■ **Exercise brief**: The task requires restating, word for word, the lines of the entries below from the one containing "Amazing view of" through the final one, both included.
────────────────────────────────────────
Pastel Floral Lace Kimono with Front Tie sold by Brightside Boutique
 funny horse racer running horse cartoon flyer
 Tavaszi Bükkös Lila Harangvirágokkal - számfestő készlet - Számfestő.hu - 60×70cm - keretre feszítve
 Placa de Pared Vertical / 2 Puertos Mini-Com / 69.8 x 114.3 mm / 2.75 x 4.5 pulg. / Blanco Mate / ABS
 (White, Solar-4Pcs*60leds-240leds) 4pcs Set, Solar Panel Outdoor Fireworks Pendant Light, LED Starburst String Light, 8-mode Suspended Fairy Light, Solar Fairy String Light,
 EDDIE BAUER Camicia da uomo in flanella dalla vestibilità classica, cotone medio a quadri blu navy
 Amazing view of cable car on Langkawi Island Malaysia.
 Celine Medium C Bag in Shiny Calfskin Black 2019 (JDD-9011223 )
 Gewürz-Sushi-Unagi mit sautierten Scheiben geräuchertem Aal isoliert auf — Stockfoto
────────────────────────────────────────
■ **Answer to this exercise**:
 Amazing view of cable car on Langkawi Island Malaysia.
 Celine Medium C Bag in Shiny Calfskin Black 2019 (JDD-9011223 )
 Gewürz-Sushi-Unagi mit sautierten Scheiben geräuchertem Aal isoliert auf — Stockfoto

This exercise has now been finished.